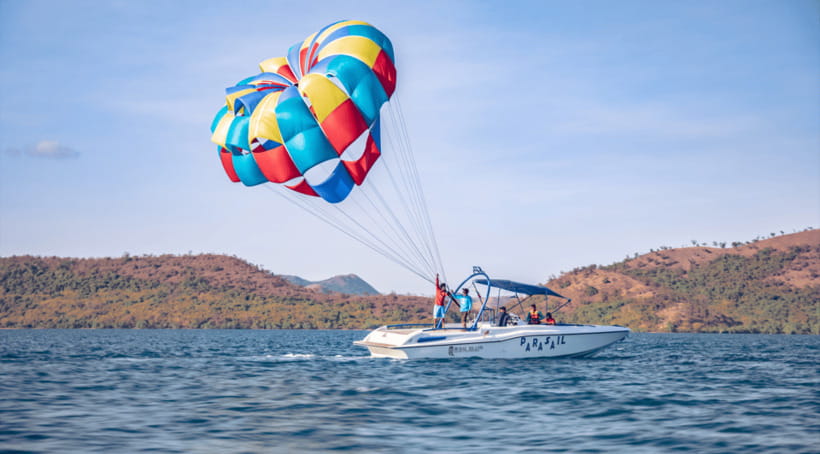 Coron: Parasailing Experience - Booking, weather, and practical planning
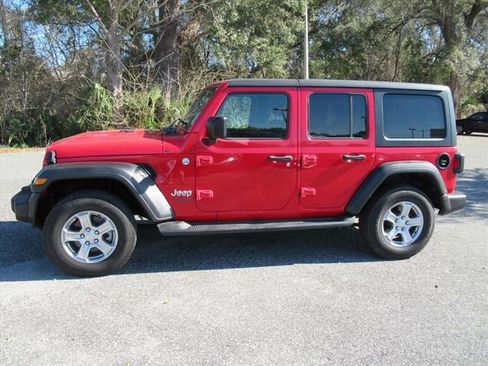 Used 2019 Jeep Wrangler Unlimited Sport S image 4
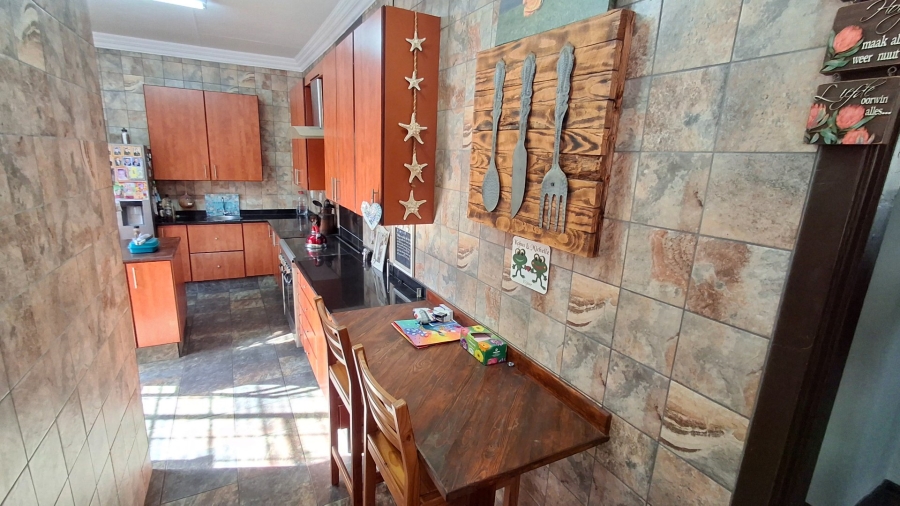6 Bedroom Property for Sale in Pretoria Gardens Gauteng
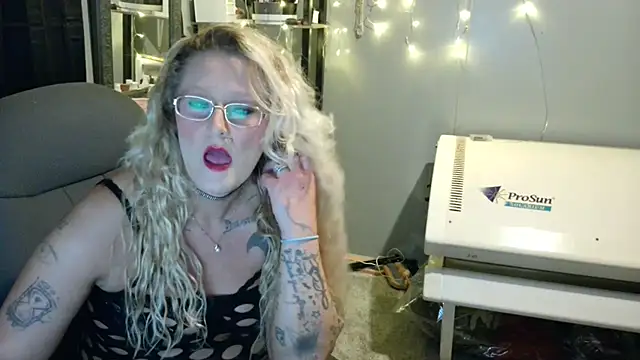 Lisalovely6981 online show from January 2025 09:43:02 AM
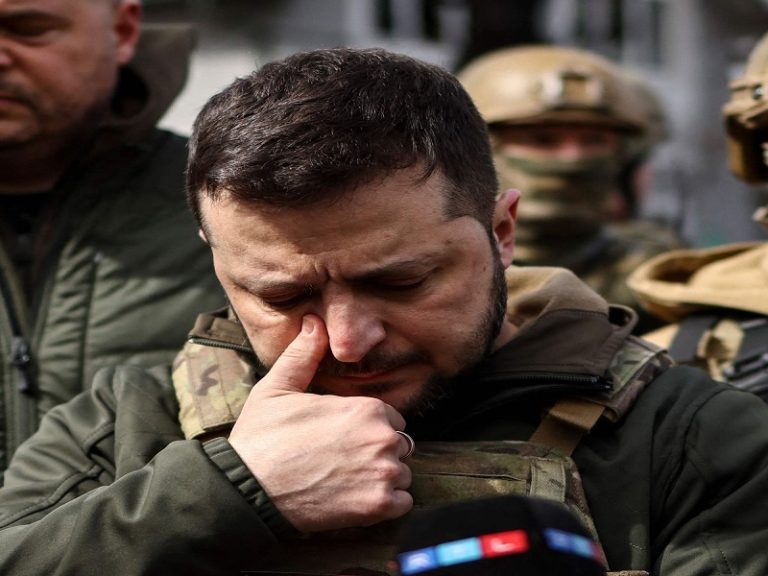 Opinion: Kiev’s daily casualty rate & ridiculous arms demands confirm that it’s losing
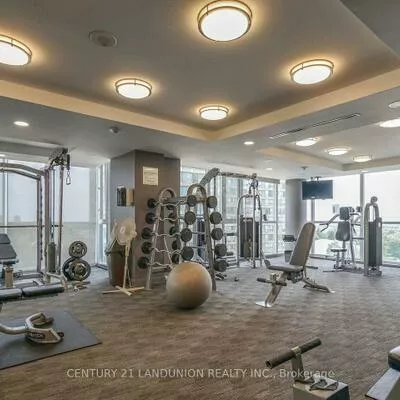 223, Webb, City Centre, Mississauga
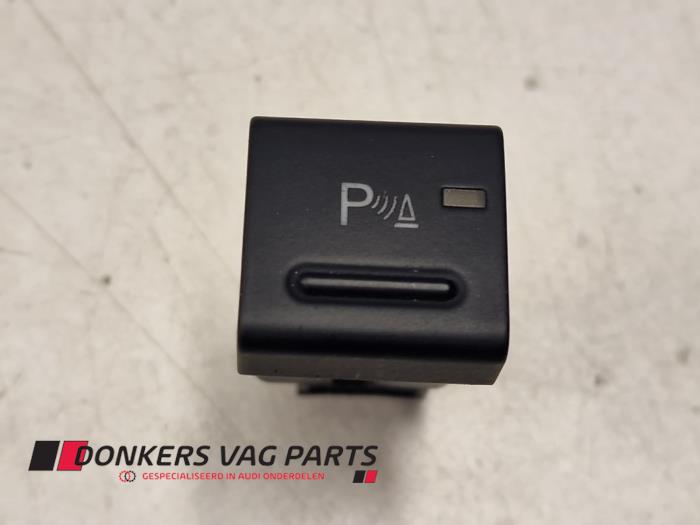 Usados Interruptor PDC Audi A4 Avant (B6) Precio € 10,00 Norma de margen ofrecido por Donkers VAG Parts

**Problem to work on:** Repeat the preceding records exactly but drop the images.

**Answer below:**
 Coron: Parasailing Experience - Booking, weather, and practical planning
 Used 2019 Jeep Wrangler Unlimited Sport S image 4
6 Bedroom Property for Sale in Pretoria Gardens Gauteng
 Lisalovely6981 online show from January 2025 09:43:02 AM
 Opinion: Kiev’s daily casualty rate & ridiculous arms demands confirm that it’s losing
 223, Webb, City Centre, Mississauga
 Usados Interruptor PDC Audi A4 Avant (B6) Precio € 10,00 Norma de margen ofrecido por Donkers VAG Parts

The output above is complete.